Şaka bir yana, hangimiz bakmayız yanımızdan geçen bir bela gözlüye? Hangimiz bakıp ta derin derin iç geçirmeyiz bir ahu bakışlıya, ceylan sekişliye? Hangimiz – kısacık saniyeler içinde – türlü fanteziler üretmeyiz muhayyilemizde?

Neyse, fark ettim ki, bu konuda konuştukça batıyorum. İş giderek tehlikeli bir hal alıyor ve sarpa sarıyor. Ben iyisi mi, bu lüzumsuz ve haddini aşan konuya son verip, sizlerle paylaşmayı düşündüğüm şiirimi sunayım sizlere.

GÜL HANIM

Herkes ait olduğu yerde olmalı.

Kuş yuvada, yuva ağaçta, ağaç ormanda…

Senin yerin bura değil Gül Hanım.

Herkes kendisinin olanını sevmeli

Çocuk anayı, ana babayı, baba yuvayı.

Senin olan sevgileri al hanım.

İnsan yalnız layığını görmeli

Güzel güzeli, çirkin güzeli, herkes güzeli…

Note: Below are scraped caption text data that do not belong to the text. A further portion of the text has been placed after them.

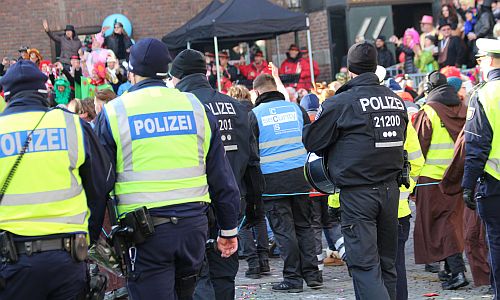 D_Rosenmontag_Polizei_12022018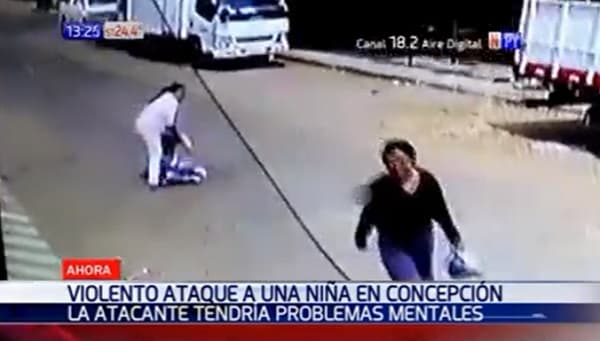 Mujer ataca a niña y la tira al pavimento en Concepción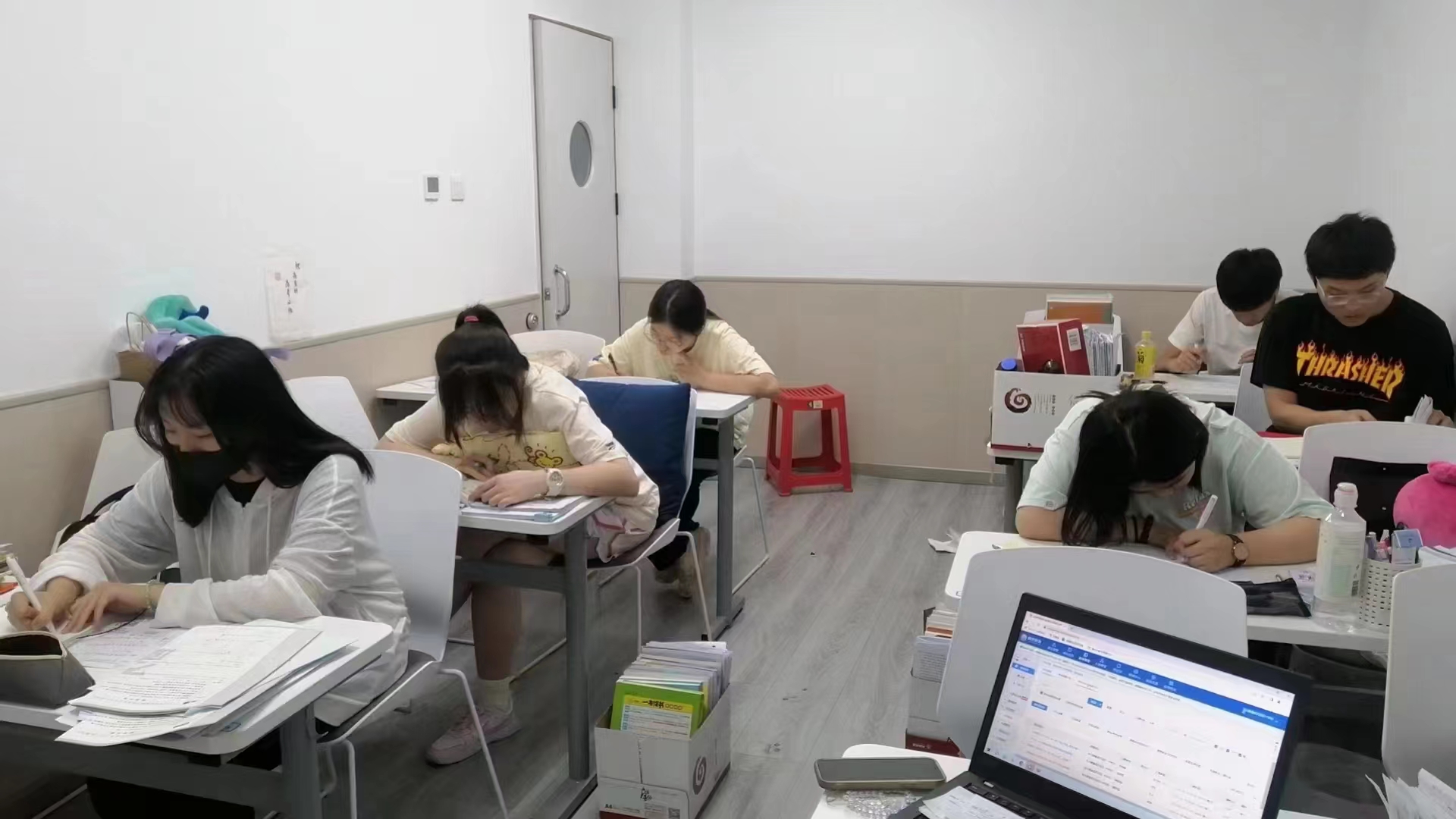 青岛黄岛区初三数学辅导：锐满分教育一对一/小班课课程介绍(2)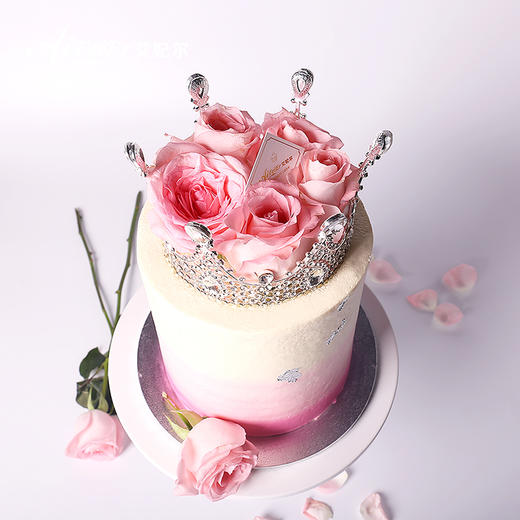 皇冠鲜花生日蛋糕情人节公主妈妈女神款女生深圳同城配送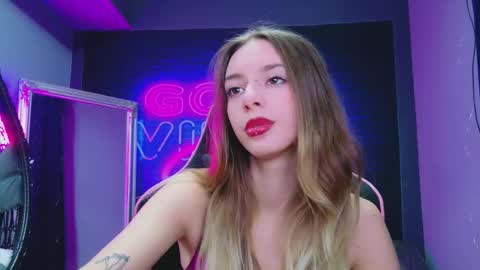 mira_lynxx online show from February 2026 06:22:01 AM
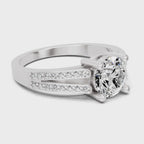 Exquisite Round Halo Diamond Ring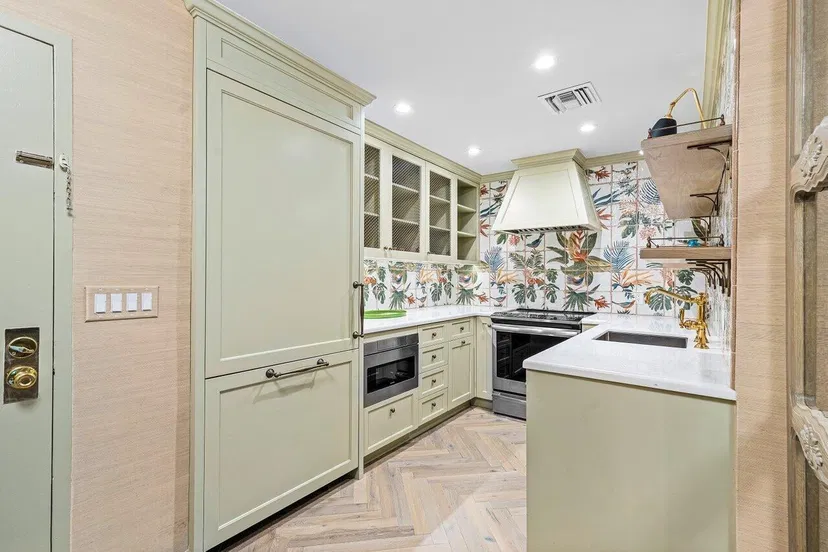 227 Brazilian Avenue #2e — photo 4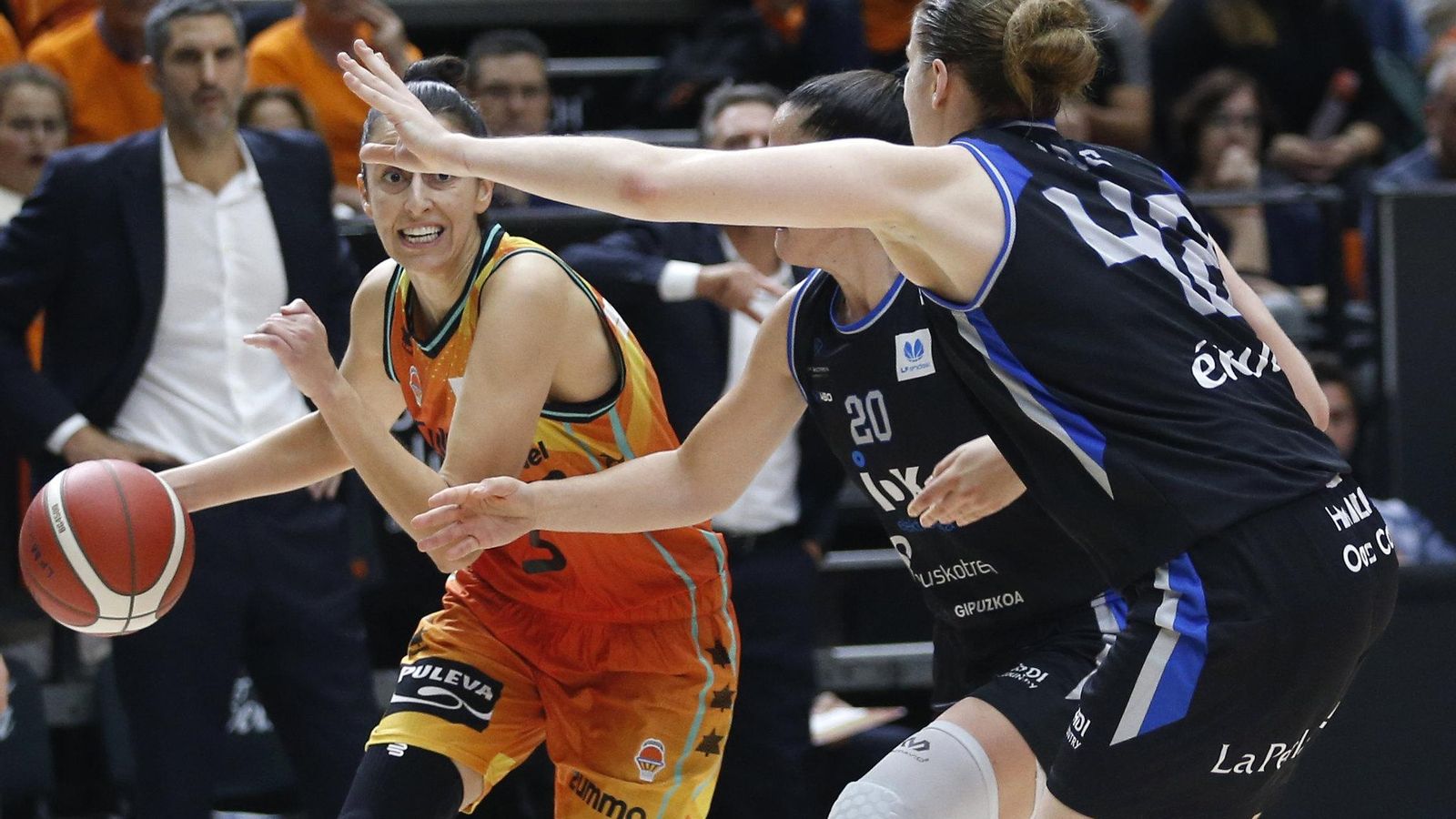 Alba Torrens, en una acció del partit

Aşk kimsenin malı değil Bal Hanım.

Yiğit, sözlerine sadık kalmalı.

Kişi öze, verdiği söze, çokla aza…

Seni saran kollarıma gel hanım.

Bunca söz yeter, hatta artar da…

Saz güzeldir, söz güzeldir, yaz güzel.

Güzel eser sen seversen yel hanım.

Aynen böyle efendim, şiir aynen böyle. Belki şiirin özünde sevgiyle beraber uçarılık ta vardır ama şairin içten gelen sözleridir böylesine şiirler. Şairlere kızmamak gerek. Aslında yazan, söyleyen, fikir üreten ve beyan eden hiç kimselere kızmamak gerek. Ne zamana kadar sevgili dostlarım? Sözleri haddini aşıp hakaret içerene ve kırıcı olana kadar. Edebiyat kelimesinin EDEP sözcüğünden türediğini bilen şair zaten kimseyi kırmamaya özen gösterir.

Evet dostlaaar! Bu gün de, hem zamanı, hem A4’ü tükettim. İzninizi istiyor ve eğer kırılan varsa sözlerime, affımı talep ediyorum.

Aşkla, sevgiyle, içinizin güzellikleriyle, şiirlerle kalın sevgili dostlarım. N. D.